Wake Forest has been dedicated to the liberal arts for over a century and a half; this means
education in the fundamental fields of human knowledge and achievement, as distinguished from
education that is technical or narrowly vocational. It seeks to encourage habits of mind that ask
“why,” that evaluate evidence, that are open to new ideas, that attempt to understand and appreciate
the perspectives of others, that accept complexity and grapple with it, that admit error, and that
pursue truth. Wake Forest College has by far the largest student body in the University, and its
function is central to the University’s larger life. The College and the Graduate School are most
singularly focused on learning for its own sake; they therefore serve as exemplars of specific
academic values in the life of the University.
Beginning as early as 1894, Wake Forest accepted an obligation to provide professional
training in a number of fields, as a complement to its primary mission of liberal arts education.
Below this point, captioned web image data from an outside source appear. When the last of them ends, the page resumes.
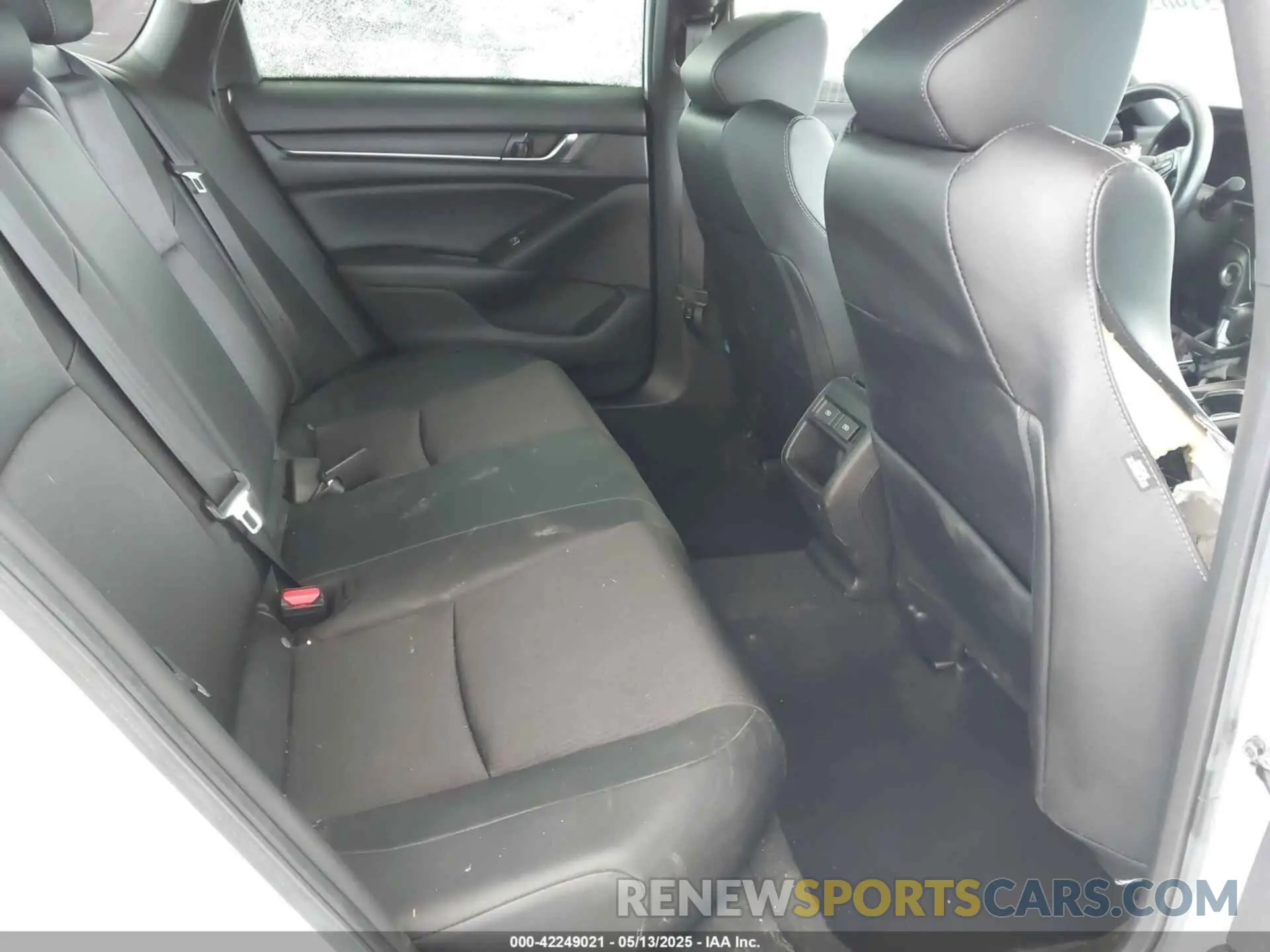 8 Photograph of a damaged car 1HGCV1F37MA109899 HONDA ACCORD 2021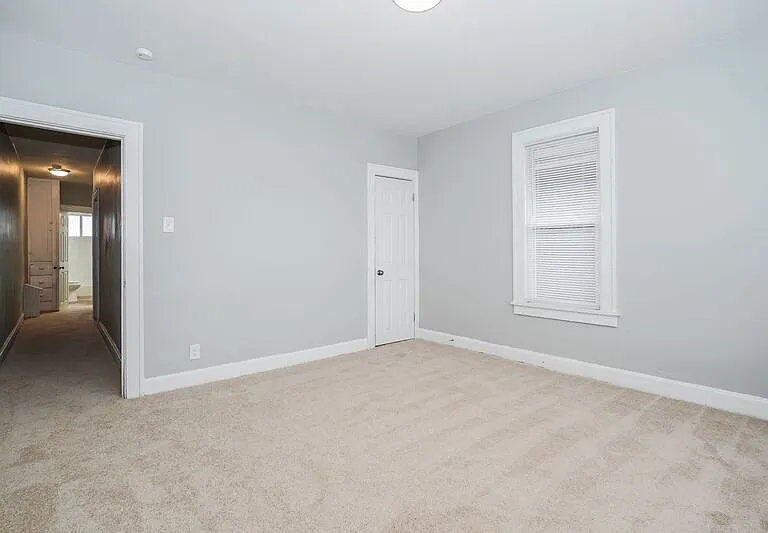 1113-1115 S 22nd St #1113 — Photo 7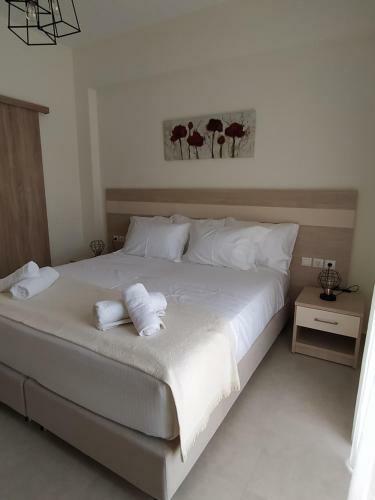 Chrysanthe's Apartments No2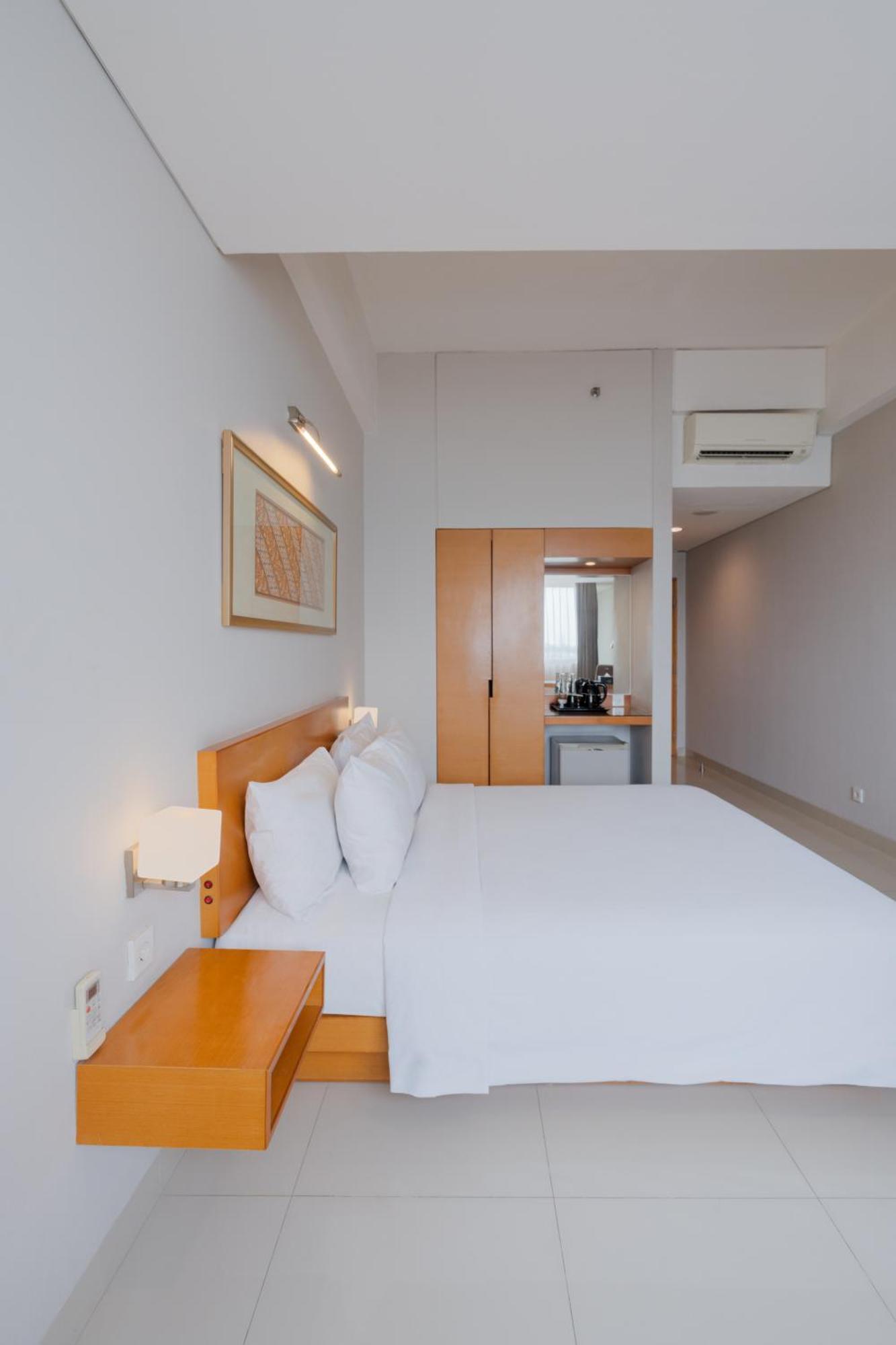 Hotel Santika Jemursari Surabaya Exterior foto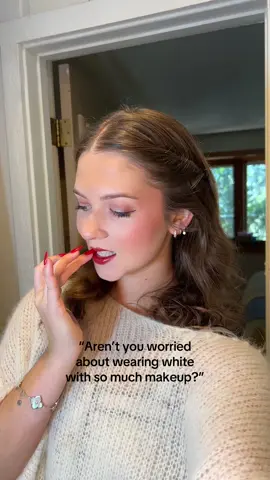 The infallible setting spray actually works that good! @loréal paris usa #infalliblefreshwear #settingspray #fyp #elegantstyle #makeuphacks 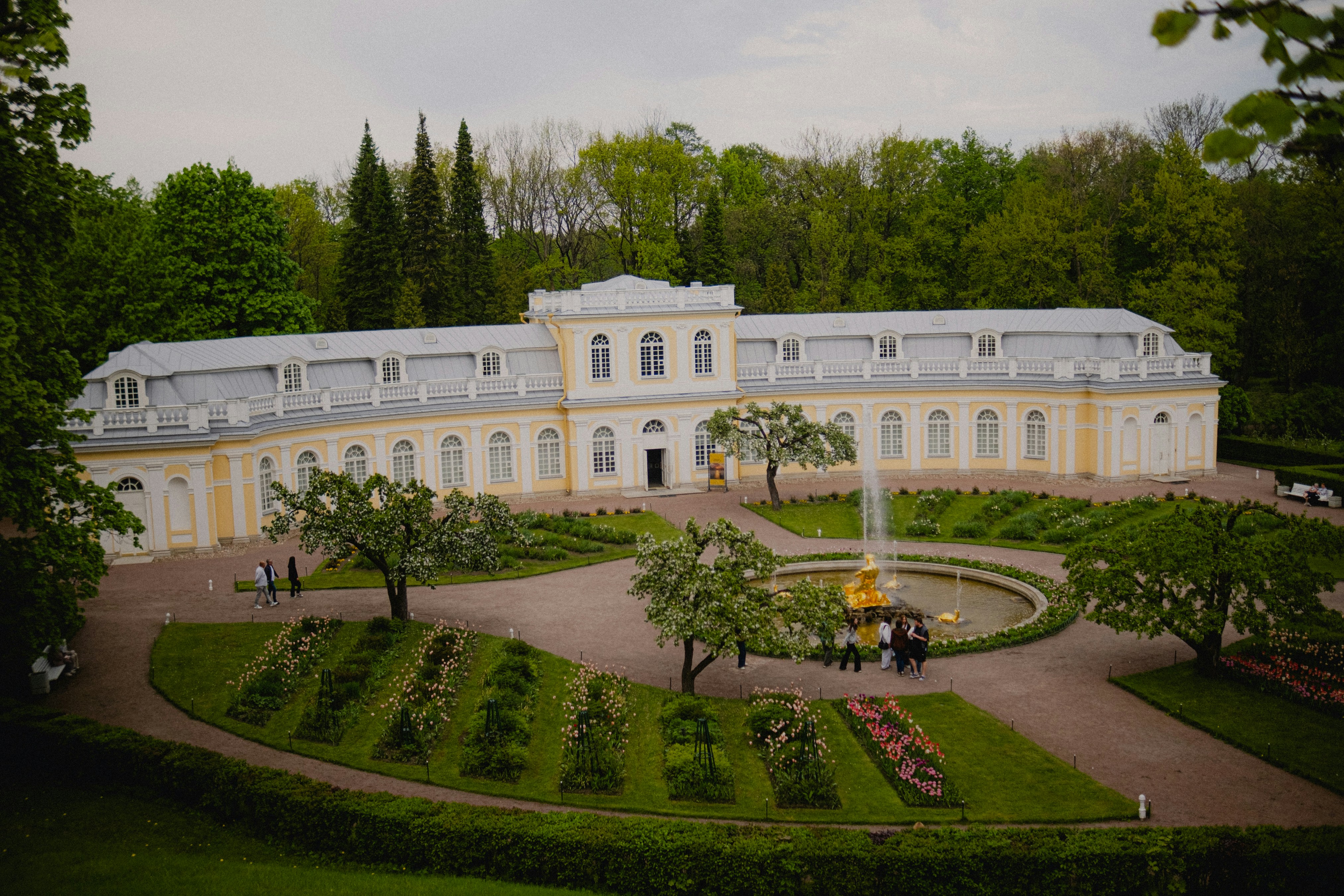 Sebuah istana megah dengan taman yang indah dan air mancur.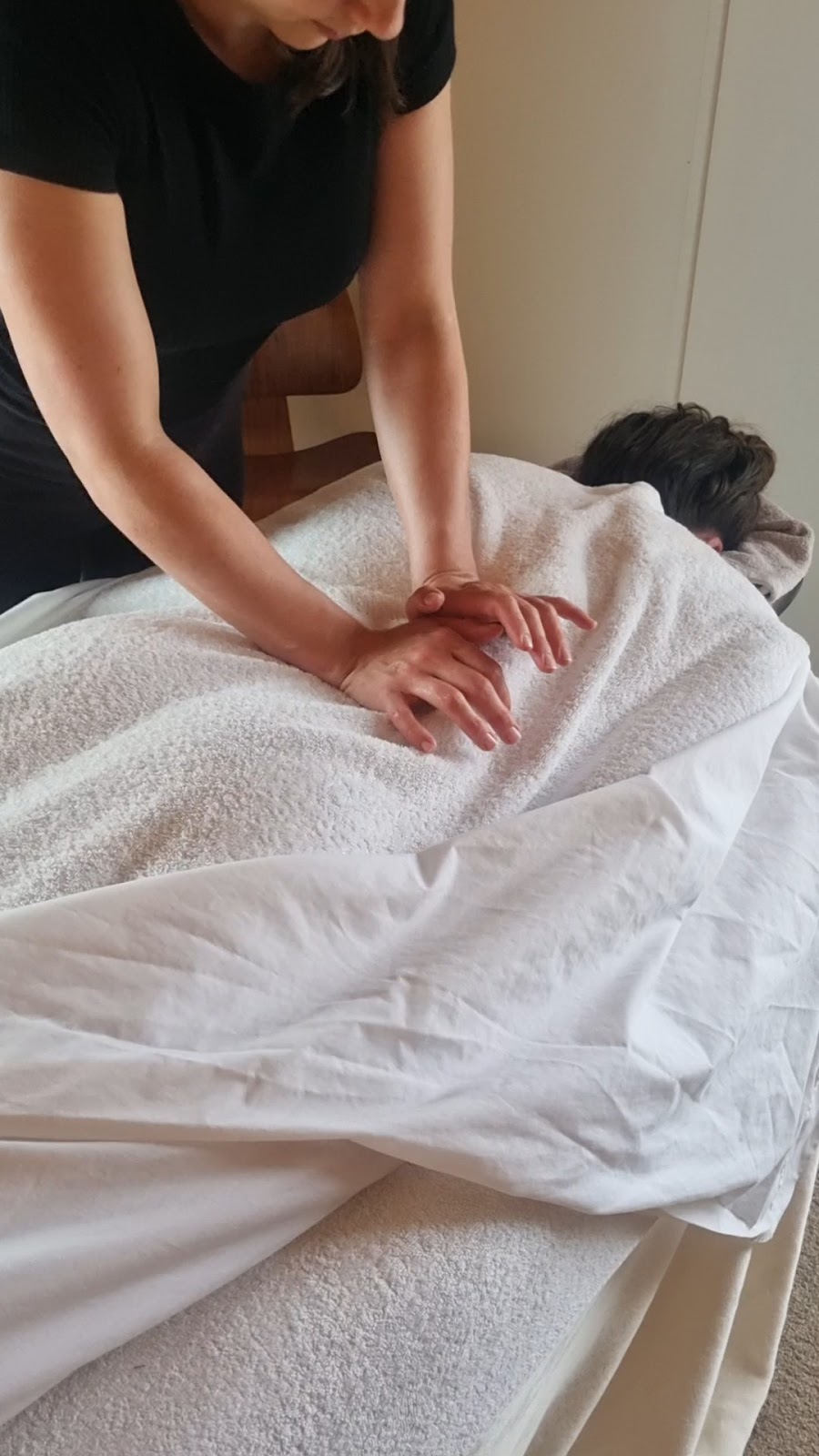 Ra Massage | 22 Peterson St, Crib Point VIC 3919, Australia | Phone: 0466 232 727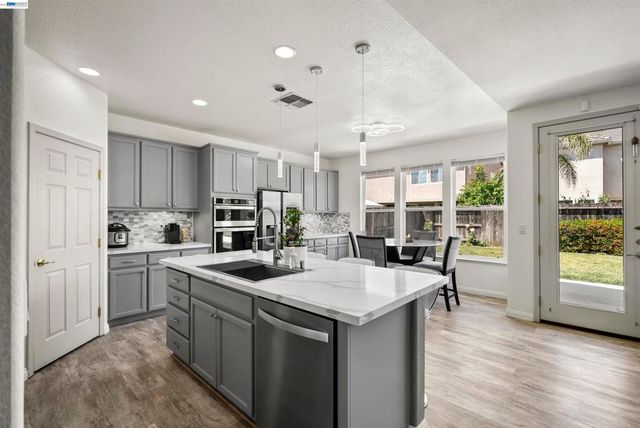 10433 Lone Star Way, Stockton, CA 95209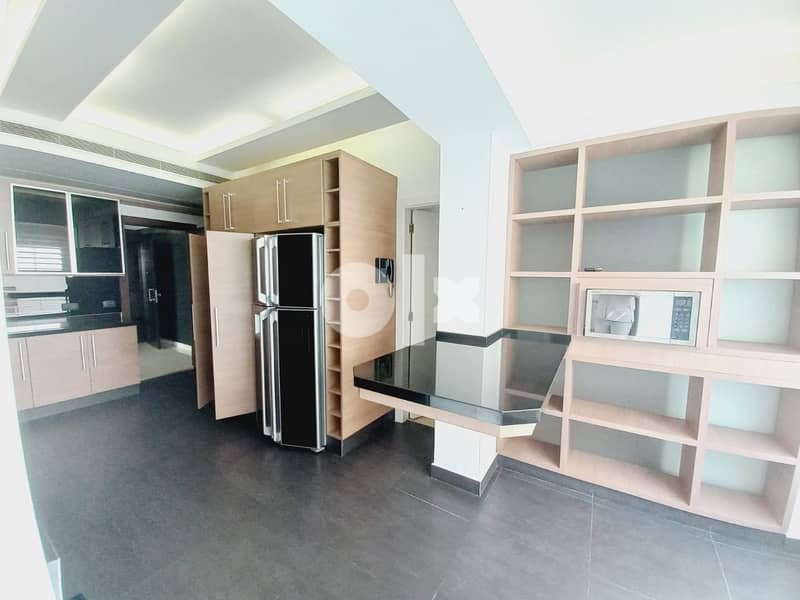 AH22-1164 Luxurious apartment for sale in Ashrafieh,290m,$810,000 cash 3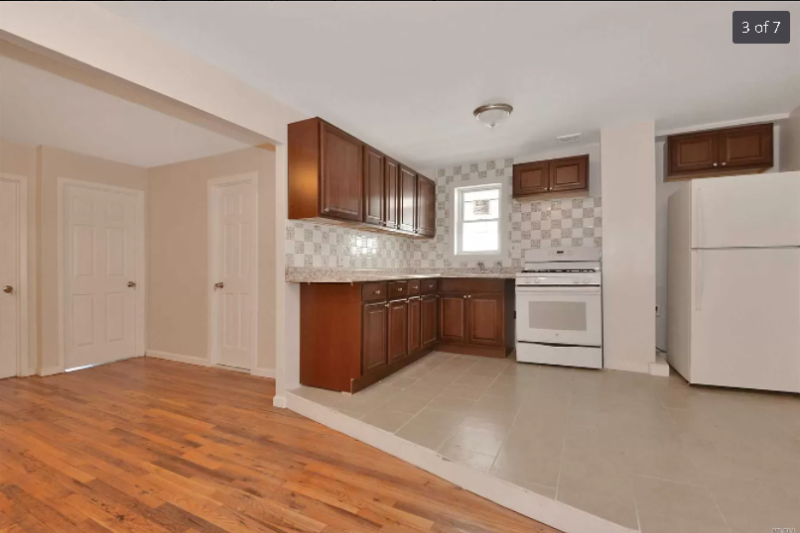 8732 165th St - Photo 3 of 7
This
responsibility is fulfilled in the conviction that the humane values embodied in the liberal arts are
also centrally relevant to the professions. Professional education at Wake Forest is characterized by a
commitment to ethical and other professional ideals that transcend technical skills. Like the Graduate
School, the professional schools are dedicated to the advancement of learning in their fields. In
addition, they are specifically committed to the application of knowledge to solving concrete
problems of human beings. They are strengthened by values and goals which they share with the
College and Graduate School, and the professional schools enhance the work of these schools and
the University as a whole by serving as models of service to humanity.
Wake Forest was founded by private initiative, and ultimate decision-making authority lies in
a privately appointed Board of Trustees rather than in a public body. Funded to a large extent from
private sources of support, Wake Forest is determined to chart its own course in the pursuit of its
goals. As a coeducational institution it seeks to ‘educate together’ persons of both sexes and from a
wide range of backgrounds — racial, ethnic, religious, geographical, socio-economic, and cultural.
Its residential features are conducive to learning and to the pursuit of a wide range of co-curricular
activities. It has made a conscious choice to remain small in over-all size; it takes pride in being able
to function as a community rather than a conglomerate. Its location in the Piedmont area of North
Carolina engenders an ethos that is distinctively Southern, and more specifically North Carolinian.